◆ Problem details: Each record needs to be retyped exactly, though its pictures should not appear.

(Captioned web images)
- - - - -
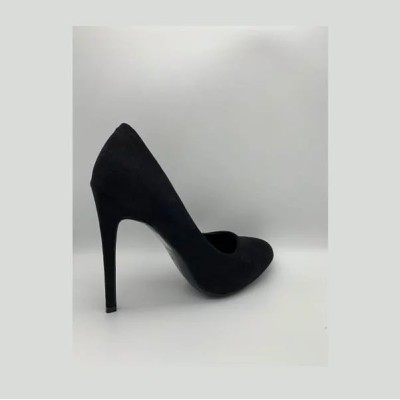 Escarpins talons haut effet velours noir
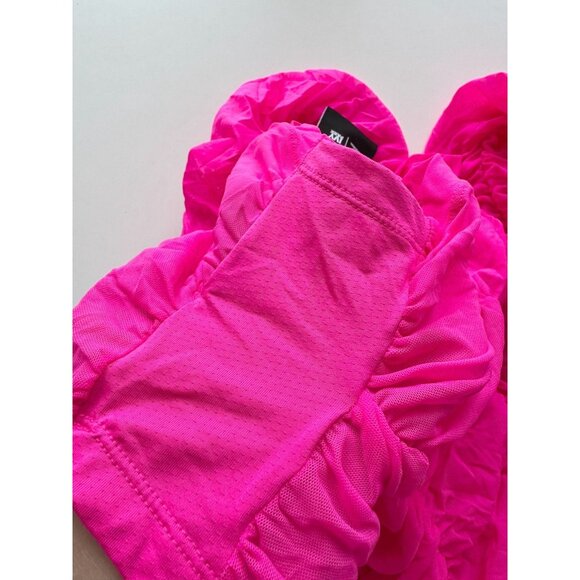 ADIDAS x IVY PARK Hot Pink Sheer Ruched Mesh Long Sleeve Romper, Size M - Picture 7 of 16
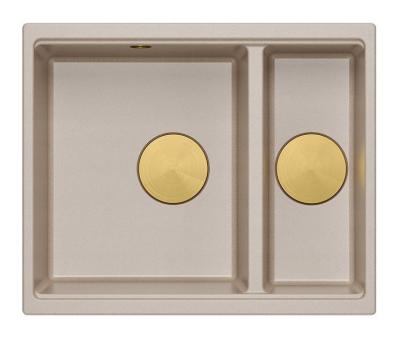 Quadri Newport II bézs 1,5 mosogató gránit felépítés és alépítés mosogató 555x460mm arany dugóval 1208971768
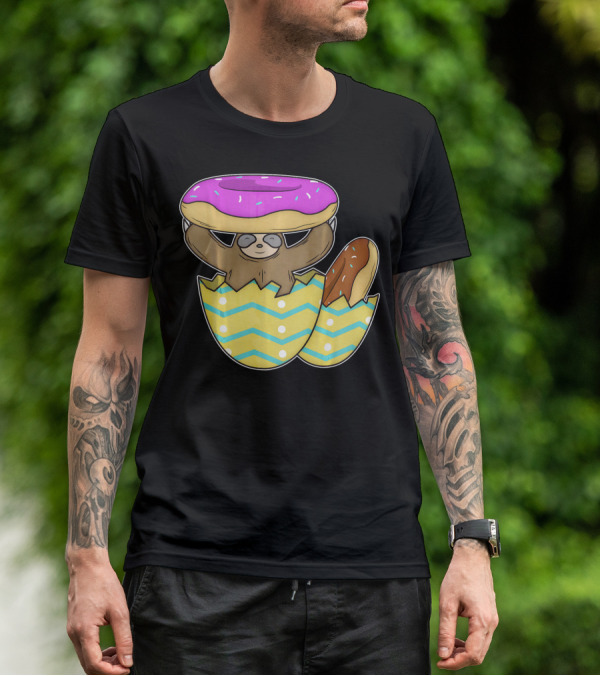 Sloth Easter Egg With Donut Hat T-Shirt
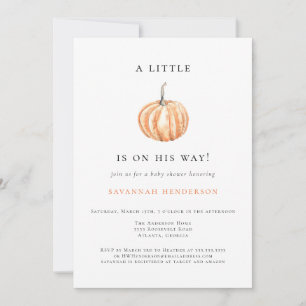 Fall Watercolor Little Pumpkin Orange Baby Shower Invitation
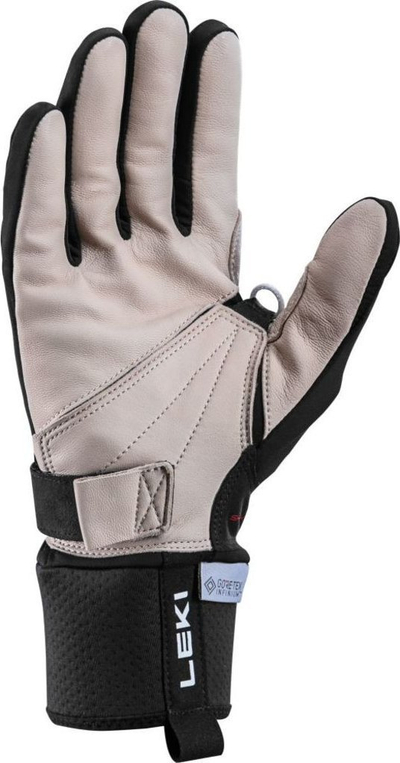 Doreza ski Leki PRC Premium Shark, lëkurë dhie, Nordic Comfort Fit, të zeza dhe bezhë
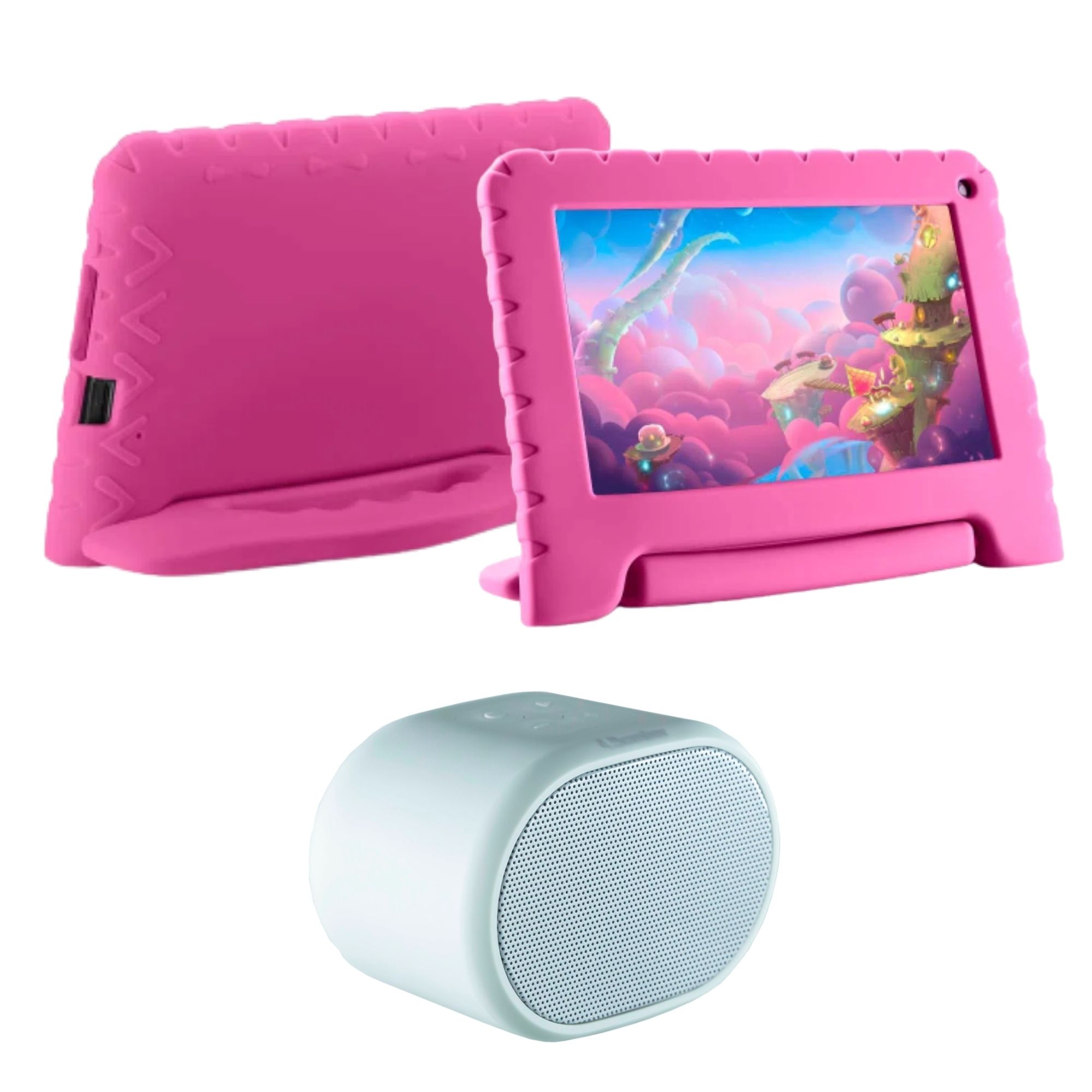 COMP Kit Tablet Kid Pad Lite Multilaser 7 Pol. 8GB Quad Core Android 8.1 Rosa + Caixa de Som Bluetooth Portátil Bomber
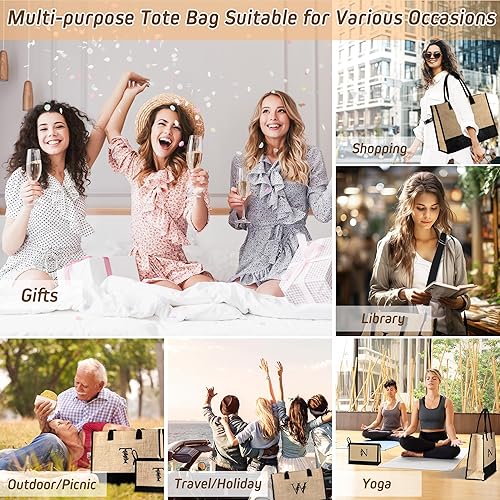 Miniatura 7 de Bolsas de mano con monograma para mujer, bolsa de maquillaje, regalos de cumpleaños para mamá, regalos de dama de honor, bolsas de regalo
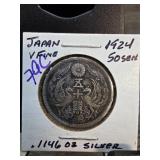 1924 Japan 50 Sen Silver Coin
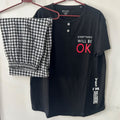 Black Placket Night Wear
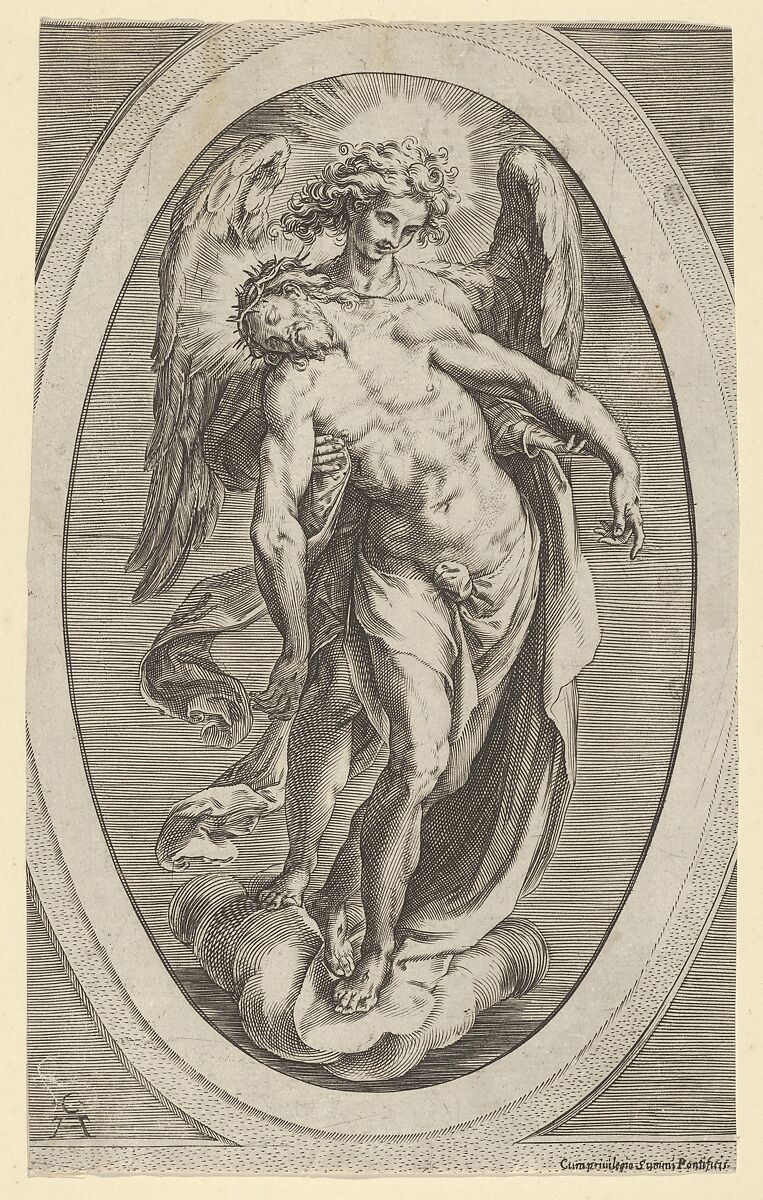Christ supported by an angel standing on a cloud, Cherubino Alberti (Zaccaria Mattia) (Italian, Borgo Sansepolcro 1553–1615 Rome), Engraving 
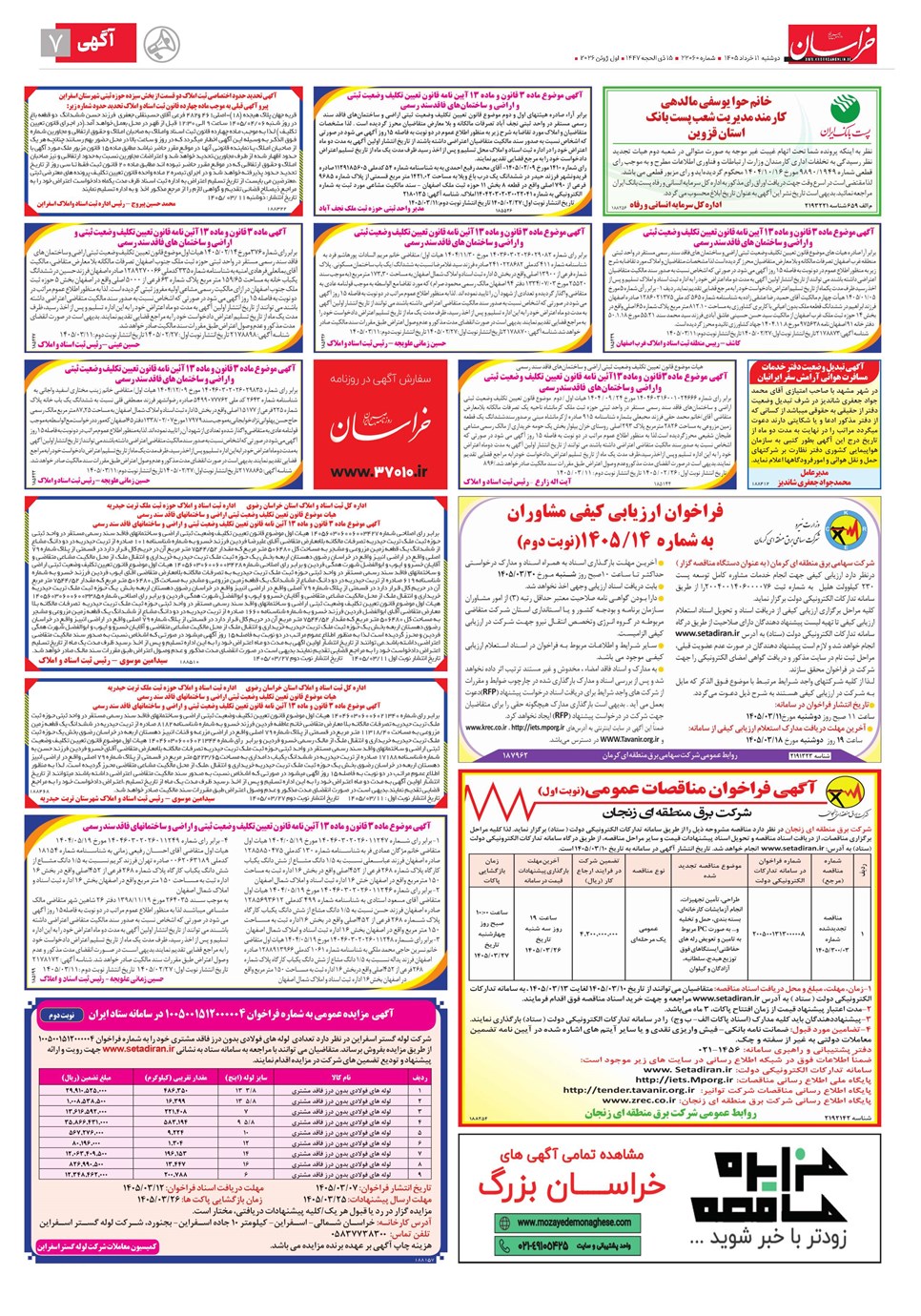 روزنامه تاریخ ۱۱ خرداد ۱۴۰۵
- - - - -
◆ Reply to the exercise:
 Escarpins talons haut effet velours noir
 ADIDAS x IVY PARK Hot Pink Sheer Ruched Mesh Long Sleeve Romper, Size M - Picture 7 of 16
 Quadri Newport II bézs 1,5 mosogató gránit felépítés és alépítés mosogató 555x460mm arany dugóval 1208971768
 Sloth Easter Egg With Donut Hat T-Shirt
 Fall Watercolor Little Pumpkin Orange Baby Shower Invitation
 Doreza ski Leki PRC Premium Shark, lëkurë dhie, Nordic Comfort Fit, të zeza dhe bezhë
 COMP Kit Tablet Kid Pad Lite Multilaser 7 Pol. 8GB Quad Core Android 8.1 Rosa + Caixa de Som Bluetooth Portátil Bomber
 Miniatura 7 de Bolsas de mano con monograma para mujer, bolsa de maquillaje, regalos de cumpleaños para mamá, regalos de dama de honor, bolsas de regalo
 1924 Japan 50 Sen Silver Coin
 Black Placket Night Wear
Christ supported by an angel standing on a cloud, Cherubino Alberti (Zaccaria Mattia) (Italian, Borgo Sansepolcro 1553–1615 Rome), Engraving 
 روزنامه تاریخ ۱۱ خرداد ۱۴۰۵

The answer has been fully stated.